Preface
Machine learning (ML) and artificial intelligence (AI) have continued to evolve rapidly in the past two years, with significant advancements and applications in various fields. AI and ML systems often process vast amounts of sensitive data, including personal information. Ensuring the security of this data is crucial to protect against breaches that could lead to identity theft, financial fraud, and other privacy violations. On top of this, governments and regulatory bodies are implementing stricter data protection and privacy laws. Compliance with these regulations is essential for legal and ethical operations. This is why securing those systems has become more vital than ever. As cyber threats evolve, AI and ML systems must be designed to adapt and respond to new and emerging security challenges, ensuring long-term resilience and reliability.
If you are working with Azure Machine Learning, this book will help you assess the vulnerability of data, models, and environments and implement the best practices to manage, secure, and monitor Azure Machine Learning workloads throughout the ML life cycle.

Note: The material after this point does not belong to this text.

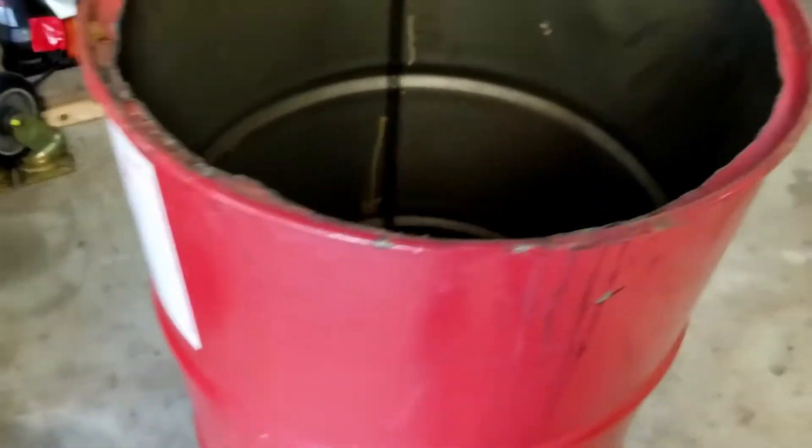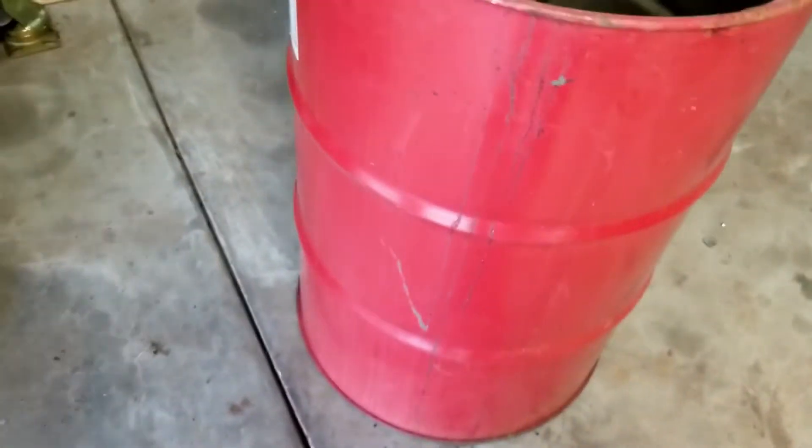This barrel going to be good for scrapping. Being it sits outside and you fill with steel, aluminum, brass, copper, whatever. That way when you take to scrap yard in barrel, easy to haul, easy to dump.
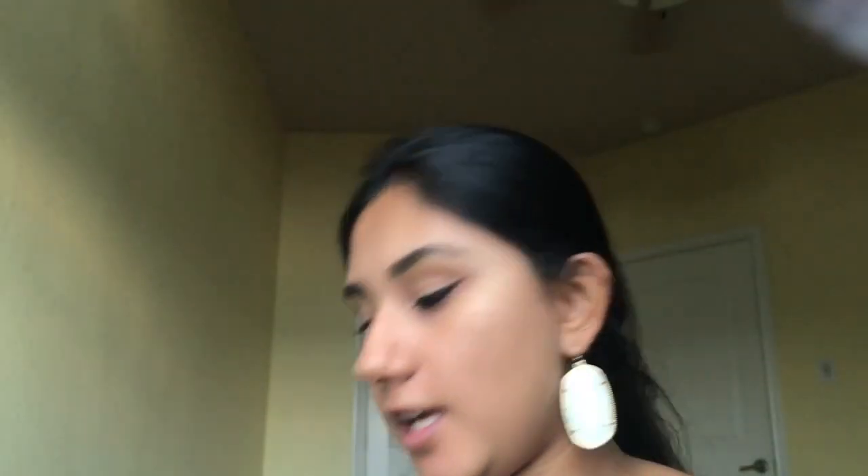Next I'm going to be putting on highlight. I'm going to be using the highlight from the Too Faced Chocolate Bonbons palette, the color Satin Sheets, which is a really nice golden shimmery color. For the brush I'm going to be using my EcoTools foundation brush, but it works well as a highlighter brush too.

This book starts by providing an overview of what you need to protect. This includes learning about the Zero Trust strategy, using the MITRE ATLAS framework to understand ML attacks, and learning how to work ethically and responsibly, by using multiple services to help you stay compliant with industry standards and regulations. If you have never worked with Azure Machine Learning, you will also find a project in the beginning to get started. From there on, the book focuses on data and all the best practices to protect it. That includes everything from developing a data management framework to data encryption, backup, and recovery best practices. Following that, the book focuses on any infrastructure that surrounds Azure Machine Learning workloads, starting from identity and access and then going through networking and compute best practices. Finally, it provides all the needed information to automate these processes and monitor the system to prevent, detect, and mitigate any issues, and provides an overview of threat modeling to help you re-assess and keep your Azure Machine Learning workloads secure.
By the end of this book, you will be able to implement the best practices to assess and secure your Azure Machine Learning assets throughout the ML life cycle.